* **Directions for this task**:
Check every line of the listing below for the word "Picture" and give the number of lines where it appears, with nothing added.

* **Record excerpts**:
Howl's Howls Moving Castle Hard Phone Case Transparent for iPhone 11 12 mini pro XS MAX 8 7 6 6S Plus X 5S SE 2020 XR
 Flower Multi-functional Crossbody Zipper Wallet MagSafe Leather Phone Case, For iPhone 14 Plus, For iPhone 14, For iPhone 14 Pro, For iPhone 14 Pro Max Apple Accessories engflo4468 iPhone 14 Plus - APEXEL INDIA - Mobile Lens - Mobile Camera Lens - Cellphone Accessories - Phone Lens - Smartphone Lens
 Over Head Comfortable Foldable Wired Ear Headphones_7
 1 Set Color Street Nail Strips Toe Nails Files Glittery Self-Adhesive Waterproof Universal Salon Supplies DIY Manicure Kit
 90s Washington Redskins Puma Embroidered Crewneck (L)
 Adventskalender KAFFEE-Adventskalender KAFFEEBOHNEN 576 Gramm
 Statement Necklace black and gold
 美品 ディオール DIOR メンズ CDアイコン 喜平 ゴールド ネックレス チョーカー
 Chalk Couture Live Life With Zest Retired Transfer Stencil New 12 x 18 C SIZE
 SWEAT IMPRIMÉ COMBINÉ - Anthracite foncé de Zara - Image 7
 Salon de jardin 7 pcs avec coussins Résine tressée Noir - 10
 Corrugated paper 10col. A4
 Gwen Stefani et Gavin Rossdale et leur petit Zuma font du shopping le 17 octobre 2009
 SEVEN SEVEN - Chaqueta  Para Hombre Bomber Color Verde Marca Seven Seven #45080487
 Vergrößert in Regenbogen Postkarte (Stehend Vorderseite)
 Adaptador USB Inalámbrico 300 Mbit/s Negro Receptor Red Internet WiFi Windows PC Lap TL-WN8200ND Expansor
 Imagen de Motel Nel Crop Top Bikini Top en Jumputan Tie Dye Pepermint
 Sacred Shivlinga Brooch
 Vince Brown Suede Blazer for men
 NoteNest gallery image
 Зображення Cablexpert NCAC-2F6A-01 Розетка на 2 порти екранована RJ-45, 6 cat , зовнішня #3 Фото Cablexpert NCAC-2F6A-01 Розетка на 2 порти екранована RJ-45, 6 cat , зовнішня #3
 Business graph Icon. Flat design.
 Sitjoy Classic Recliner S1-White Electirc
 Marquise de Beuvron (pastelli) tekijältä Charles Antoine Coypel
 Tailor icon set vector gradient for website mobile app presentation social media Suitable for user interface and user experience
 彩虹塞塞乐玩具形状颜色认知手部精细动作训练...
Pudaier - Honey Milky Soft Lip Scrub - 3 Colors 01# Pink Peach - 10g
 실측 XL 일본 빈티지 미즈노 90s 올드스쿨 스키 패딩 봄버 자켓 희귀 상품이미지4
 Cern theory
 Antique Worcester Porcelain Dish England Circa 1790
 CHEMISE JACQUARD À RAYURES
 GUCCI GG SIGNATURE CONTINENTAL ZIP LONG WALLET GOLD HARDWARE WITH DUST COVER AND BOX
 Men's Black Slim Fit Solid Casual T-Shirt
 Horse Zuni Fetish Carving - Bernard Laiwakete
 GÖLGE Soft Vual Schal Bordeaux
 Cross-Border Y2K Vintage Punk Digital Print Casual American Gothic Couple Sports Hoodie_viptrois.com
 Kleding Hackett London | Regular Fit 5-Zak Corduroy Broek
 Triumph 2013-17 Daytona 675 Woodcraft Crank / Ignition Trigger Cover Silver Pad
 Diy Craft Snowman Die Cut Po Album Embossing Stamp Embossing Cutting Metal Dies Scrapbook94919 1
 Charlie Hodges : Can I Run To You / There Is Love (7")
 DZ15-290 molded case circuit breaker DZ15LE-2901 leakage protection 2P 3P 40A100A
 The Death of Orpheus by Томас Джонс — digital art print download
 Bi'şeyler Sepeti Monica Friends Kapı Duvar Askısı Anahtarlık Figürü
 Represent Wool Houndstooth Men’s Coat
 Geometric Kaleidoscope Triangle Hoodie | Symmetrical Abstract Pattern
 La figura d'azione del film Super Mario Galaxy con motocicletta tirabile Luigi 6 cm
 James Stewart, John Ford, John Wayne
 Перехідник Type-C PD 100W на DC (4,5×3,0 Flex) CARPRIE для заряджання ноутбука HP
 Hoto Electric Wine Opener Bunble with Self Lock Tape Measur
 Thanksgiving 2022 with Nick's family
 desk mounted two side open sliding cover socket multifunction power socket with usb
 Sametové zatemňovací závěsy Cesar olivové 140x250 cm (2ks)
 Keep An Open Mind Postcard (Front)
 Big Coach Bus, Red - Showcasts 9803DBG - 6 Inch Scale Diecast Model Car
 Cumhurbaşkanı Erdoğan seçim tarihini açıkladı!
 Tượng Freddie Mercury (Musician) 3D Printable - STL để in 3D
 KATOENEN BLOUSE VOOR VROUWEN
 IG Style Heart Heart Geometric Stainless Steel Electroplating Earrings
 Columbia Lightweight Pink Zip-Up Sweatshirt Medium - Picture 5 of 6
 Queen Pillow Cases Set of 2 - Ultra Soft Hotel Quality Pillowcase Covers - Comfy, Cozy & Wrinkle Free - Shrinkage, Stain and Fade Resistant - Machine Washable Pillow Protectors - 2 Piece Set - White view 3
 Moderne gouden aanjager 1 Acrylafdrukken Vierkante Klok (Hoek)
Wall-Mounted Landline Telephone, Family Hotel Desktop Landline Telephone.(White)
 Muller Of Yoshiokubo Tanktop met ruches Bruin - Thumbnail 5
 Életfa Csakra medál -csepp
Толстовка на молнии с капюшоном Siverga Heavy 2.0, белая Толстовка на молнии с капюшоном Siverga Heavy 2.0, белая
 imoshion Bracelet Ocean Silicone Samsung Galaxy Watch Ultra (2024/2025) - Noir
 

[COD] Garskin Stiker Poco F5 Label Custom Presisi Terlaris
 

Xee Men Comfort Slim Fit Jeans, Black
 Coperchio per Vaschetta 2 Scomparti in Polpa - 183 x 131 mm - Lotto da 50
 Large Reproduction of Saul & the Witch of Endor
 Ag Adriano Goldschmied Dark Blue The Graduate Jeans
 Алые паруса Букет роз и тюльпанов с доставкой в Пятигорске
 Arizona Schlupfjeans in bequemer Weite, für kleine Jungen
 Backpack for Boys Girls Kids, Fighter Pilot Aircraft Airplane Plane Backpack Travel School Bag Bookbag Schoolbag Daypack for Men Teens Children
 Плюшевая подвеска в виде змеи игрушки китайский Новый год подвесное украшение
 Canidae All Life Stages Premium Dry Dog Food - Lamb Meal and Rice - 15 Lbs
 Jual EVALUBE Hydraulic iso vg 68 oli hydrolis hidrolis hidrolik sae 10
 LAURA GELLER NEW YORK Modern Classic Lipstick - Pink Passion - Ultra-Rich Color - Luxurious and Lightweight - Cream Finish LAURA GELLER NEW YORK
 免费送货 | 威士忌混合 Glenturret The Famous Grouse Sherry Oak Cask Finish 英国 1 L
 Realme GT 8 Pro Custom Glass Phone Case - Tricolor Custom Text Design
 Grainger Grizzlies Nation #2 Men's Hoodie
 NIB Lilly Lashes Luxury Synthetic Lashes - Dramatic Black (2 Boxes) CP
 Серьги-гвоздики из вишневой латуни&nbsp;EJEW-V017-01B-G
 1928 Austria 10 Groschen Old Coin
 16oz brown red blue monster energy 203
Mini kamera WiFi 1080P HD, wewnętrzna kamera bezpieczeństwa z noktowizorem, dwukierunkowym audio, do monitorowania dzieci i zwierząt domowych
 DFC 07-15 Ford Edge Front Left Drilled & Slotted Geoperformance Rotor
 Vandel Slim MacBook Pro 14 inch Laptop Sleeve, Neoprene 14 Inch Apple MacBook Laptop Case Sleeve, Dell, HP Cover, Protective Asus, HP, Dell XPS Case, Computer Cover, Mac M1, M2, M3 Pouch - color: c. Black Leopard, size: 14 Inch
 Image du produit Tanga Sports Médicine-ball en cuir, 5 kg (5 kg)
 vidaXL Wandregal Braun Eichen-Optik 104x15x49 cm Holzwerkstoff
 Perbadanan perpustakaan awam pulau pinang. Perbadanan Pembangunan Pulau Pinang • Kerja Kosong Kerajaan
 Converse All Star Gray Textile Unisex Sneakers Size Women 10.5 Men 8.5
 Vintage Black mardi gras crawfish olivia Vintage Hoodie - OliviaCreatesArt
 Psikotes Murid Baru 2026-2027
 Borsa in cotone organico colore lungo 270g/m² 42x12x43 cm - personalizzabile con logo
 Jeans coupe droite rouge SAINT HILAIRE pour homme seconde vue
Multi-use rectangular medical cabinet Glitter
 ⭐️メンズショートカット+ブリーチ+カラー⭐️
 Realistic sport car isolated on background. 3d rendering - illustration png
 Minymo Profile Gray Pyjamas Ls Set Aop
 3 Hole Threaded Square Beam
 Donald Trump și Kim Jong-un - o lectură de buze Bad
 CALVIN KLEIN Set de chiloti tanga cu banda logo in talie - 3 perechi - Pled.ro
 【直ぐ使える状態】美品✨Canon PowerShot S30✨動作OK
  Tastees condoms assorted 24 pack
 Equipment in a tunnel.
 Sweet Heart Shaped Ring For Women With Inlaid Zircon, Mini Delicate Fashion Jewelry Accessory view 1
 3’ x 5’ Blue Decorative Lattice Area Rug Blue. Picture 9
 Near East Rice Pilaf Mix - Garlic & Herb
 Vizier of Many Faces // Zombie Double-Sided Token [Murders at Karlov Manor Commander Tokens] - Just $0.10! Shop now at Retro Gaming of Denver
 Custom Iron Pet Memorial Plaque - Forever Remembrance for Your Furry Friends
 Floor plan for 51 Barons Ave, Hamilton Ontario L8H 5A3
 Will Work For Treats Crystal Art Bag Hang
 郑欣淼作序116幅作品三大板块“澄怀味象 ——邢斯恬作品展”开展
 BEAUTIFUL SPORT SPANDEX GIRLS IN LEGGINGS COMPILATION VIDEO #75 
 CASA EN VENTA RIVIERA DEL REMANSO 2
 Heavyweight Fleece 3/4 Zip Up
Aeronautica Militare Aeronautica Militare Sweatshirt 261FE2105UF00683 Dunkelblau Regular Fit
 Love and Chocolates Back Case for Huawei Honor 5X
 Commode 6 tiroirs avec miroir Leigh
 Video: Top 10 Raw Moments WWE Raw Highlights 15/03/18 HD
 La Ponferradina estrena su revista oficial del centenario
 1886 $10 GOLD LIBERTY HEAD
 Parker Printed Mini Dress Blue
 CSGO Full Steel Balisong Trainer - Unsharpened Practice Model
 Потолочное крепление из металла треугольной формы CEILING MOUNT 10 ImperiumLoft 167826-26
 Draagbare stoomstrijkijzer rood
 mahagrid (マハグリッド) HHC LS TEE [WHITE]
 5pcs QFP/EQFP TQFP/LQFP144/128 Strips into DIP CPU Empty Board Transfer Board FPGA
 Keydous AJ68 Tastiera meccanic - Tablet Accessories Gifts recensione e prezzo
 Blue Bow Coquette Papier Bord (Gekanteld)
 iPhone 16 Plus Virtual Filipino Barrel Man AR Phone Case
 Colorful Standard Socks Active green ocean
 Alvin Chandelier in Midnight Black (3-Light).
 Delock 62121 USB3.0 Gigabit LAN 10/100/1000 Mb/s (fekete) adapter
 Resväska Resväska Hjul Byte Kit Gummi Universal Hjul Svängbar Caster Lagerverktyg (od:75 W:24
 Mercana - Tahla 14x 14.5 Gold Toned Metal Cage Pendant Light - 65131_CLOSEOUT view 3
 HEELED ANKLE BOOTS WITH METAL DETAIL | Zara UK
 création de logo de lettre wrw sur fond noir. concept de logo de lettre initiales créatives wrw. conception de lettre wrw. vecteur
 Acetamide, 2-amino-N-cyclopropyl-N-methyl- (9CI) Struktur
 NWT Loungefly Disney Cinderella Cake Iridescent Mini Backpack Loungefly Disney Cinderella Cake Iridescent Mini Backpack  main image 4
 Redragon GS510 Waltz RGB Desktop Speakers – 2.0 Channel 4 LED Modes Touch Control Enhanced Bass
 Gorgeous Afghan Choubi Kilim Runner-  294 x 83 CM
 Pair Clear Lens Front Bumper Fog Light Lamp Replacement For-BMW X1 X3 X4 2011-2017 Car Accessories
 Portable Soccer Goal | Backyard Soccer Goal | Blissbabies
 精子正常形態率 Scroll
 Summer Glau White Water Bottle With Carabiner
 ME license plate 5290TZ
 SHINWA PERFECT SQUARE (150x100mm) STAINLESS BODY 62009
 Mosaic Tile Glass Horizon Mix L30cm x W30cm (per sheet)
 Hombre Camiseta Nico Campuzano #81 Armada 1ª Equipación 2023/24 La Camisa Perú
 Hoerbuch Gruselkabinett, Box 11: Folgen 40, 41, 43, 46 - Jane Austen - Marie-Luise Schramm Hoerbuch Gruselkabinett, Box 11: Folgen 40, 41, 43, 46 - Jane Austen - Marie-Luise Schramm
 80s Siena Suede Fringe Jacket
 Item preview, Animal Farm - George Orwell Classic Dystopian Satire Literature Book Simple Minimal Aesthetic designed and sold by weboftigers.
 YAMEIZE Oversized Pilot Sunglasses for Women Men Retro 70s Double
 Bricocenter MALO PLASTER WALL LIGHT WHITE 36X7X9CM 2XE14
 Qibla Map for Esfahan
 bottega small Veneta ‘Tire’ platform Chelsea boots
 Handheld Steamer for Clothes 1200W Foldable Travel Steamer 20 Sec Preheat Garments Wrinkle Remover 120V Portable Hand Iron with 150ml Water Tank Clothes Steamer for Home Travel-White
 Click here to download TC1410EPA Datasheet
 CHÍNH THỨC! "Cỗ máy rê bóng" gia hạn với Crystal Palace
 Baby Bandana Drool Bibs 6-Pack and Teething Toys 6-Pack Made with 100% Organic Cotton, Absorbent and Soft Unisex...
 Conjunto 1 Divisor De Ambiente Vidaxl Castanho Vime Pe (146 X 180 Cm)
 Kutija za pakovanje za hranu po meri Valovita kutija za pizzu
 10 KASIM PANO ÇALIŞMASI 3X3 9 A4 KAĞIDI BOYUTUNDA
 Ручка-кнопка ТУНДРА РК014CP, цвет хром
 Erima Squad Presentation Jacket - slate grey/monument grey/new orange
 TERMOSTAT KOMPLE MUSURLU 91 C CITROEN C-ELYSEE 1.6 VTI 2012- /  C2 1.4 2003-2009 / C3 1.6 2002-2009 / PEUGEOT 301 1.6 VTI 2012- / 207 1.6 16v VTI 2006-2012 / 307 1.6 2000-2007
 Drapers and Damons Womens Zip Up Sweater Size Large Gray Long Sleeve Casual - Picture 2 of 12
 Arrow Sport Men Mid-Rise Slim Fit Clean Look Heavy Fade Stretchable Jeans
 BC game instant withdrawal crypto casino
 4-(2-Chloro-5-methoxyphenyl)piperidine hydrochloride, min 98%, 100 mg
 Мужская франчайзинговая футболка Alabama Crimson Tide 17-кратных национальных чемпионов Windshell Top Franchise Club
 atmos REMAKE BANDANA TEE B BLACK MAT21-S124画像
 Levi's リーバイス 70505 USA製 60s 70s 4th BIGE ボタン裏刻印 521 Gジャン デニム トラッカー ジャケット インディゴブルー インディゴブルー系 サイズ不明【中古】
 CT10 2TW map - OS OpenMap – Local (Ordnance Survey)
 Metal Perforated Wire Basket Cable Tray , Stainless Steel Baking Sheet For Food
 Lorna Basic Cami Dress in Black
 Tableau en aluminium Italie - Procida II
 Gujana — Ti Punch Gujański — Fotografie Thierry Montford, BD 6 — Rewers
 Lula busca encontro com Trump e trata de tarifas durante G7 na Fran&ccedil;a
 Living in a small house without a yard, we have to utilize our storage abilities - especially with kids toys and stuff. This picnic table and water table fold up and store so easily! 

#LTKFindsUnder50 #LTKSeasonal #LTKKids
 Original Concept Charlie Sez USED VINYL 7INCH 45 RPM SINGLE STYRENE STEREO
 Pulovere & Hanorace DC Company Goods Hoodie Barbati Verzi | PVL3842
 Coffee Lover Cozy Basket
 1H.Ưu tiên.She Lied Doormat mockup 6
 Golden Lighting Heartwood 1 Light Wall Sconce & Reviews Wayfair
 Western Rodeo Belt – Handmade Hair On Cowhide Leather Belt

* **Answer to this exercise**:
3